(INPUT DATA):
Start of Block
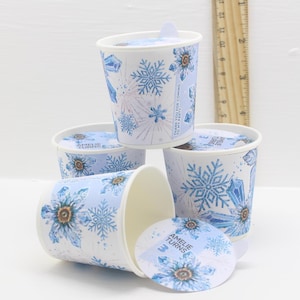 May include: A collection of white paper cups featuring blue snowflake and floral patterns. The cups are adorned with lids displaying matching designs and the text "AMELIE TURNS". The cups are decorated with blue crystals and the text "THANK YOU FOR COMING TO MY PARTY".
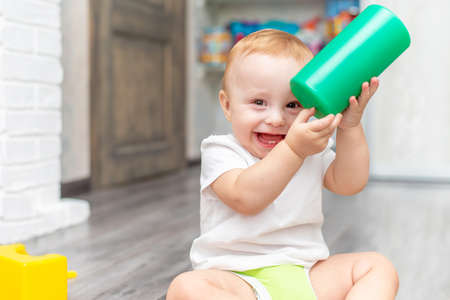 Happy laughing toddler playing with a toy sitting on the floor at homeの写真素材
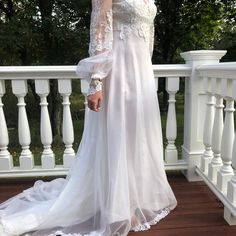 a woman in a white dress standing on a deck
End of Block
Transcribe the listing exactly, skipping pictures.

(RESPONSE BELOW):
 May include: A collection of white paper cups featuring blue snowflake and floral patterns. The cups are adorned with lids displaying matching designs and the text "AMELIE TURNS". The cups are decorated with blue crystals and the text "THANK YOU FOR COMING TO MY PARTY".
 Happy laughing toddler playing with a toy sitting on the floor at homeの写真素材
 a woman in a white dress standing on a deck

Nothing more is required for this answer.